── TASK DATA
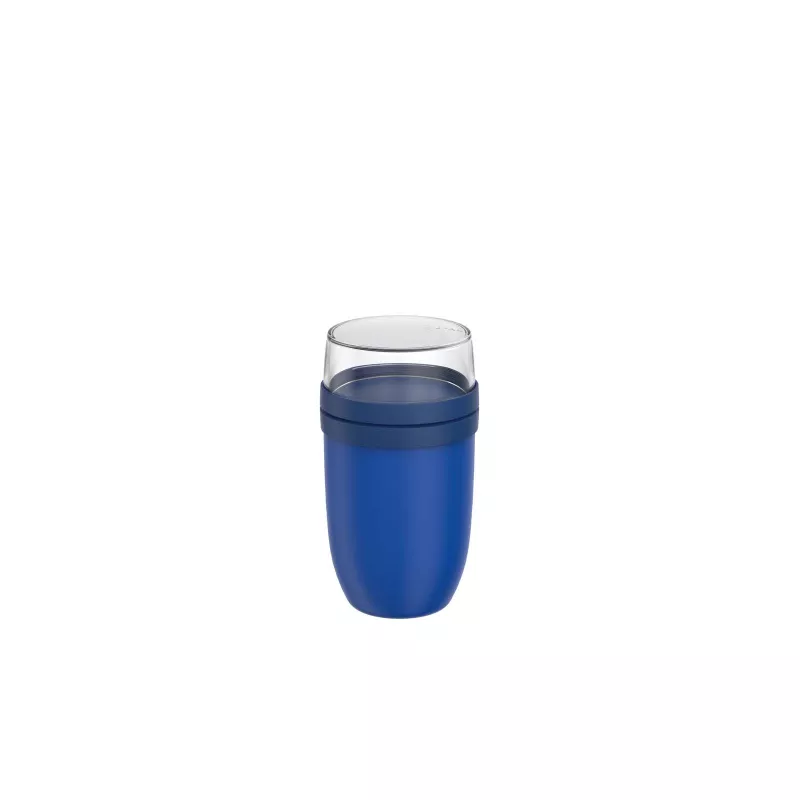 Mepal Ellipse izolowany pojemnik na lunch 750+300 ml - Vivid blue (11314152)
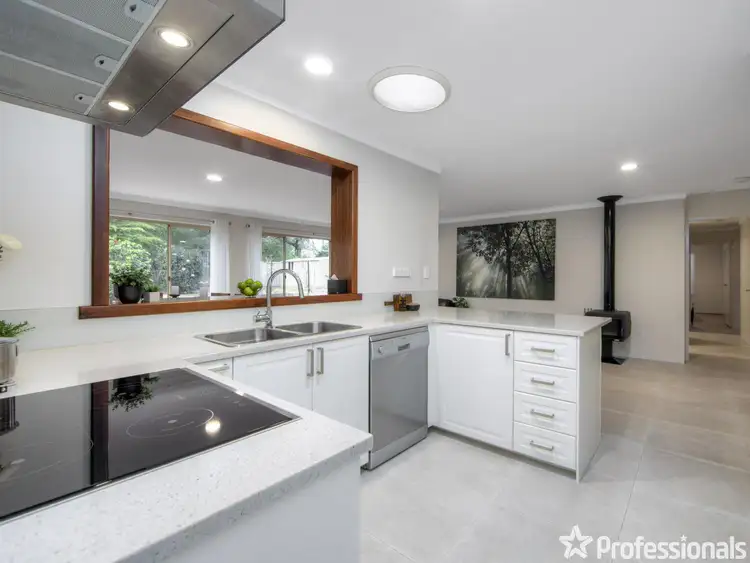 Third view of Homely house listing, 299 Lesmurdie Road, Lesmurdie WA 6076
────
── TASK DATA
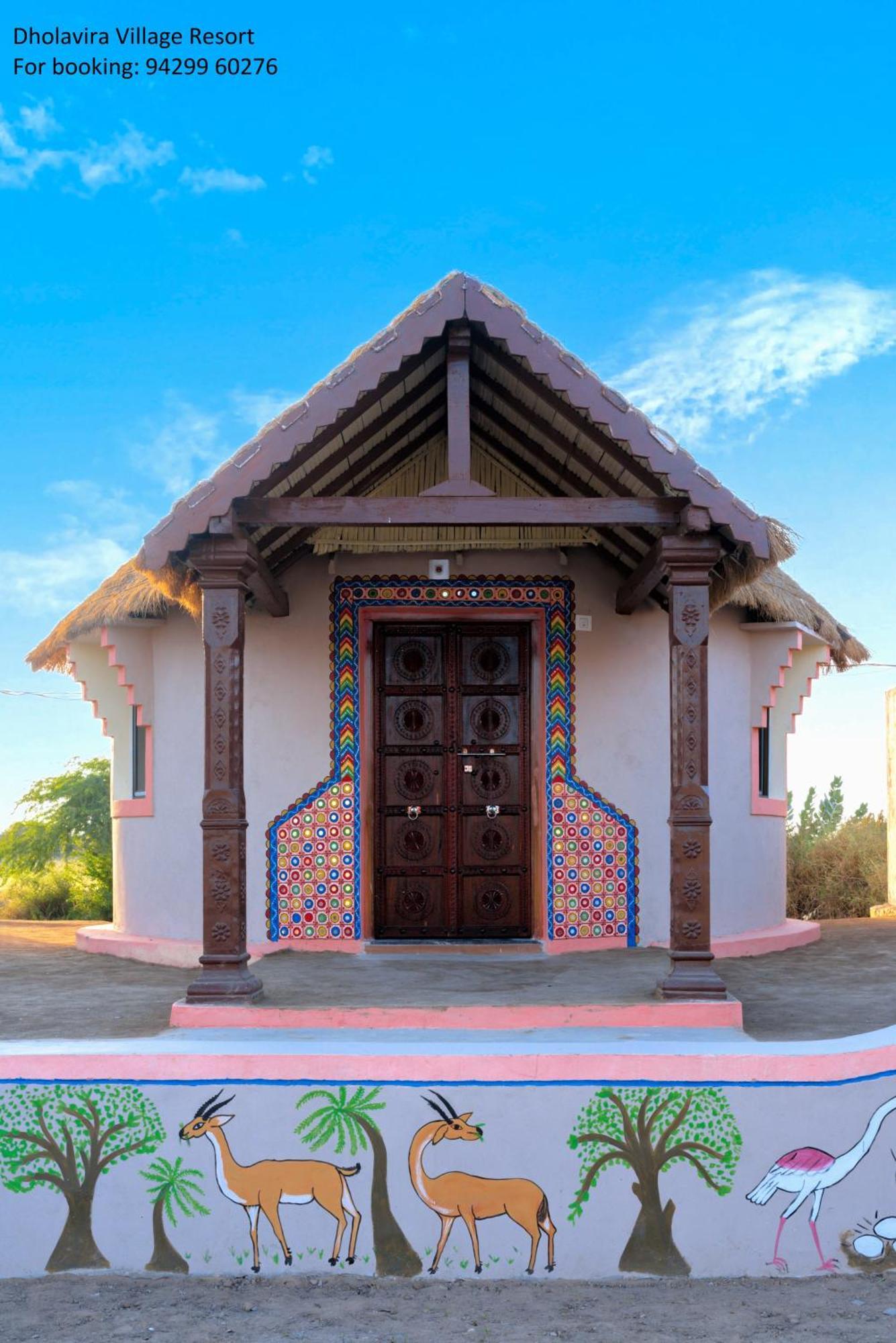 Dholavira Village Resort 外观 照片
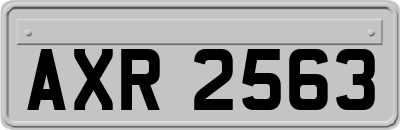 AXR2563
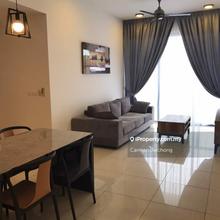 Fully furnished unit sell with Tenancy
────
Only the lines above from the one with "Dholavira Village Resort 外观 照片" to the one with "Fully furnished unit sell with Tenancy" should be printed, both included and exactly as written; no picture belongs in the copy.

 Dholavira Village Resort 外观 照片
 AXR2563
 Fully furnished unit sell with Tenancy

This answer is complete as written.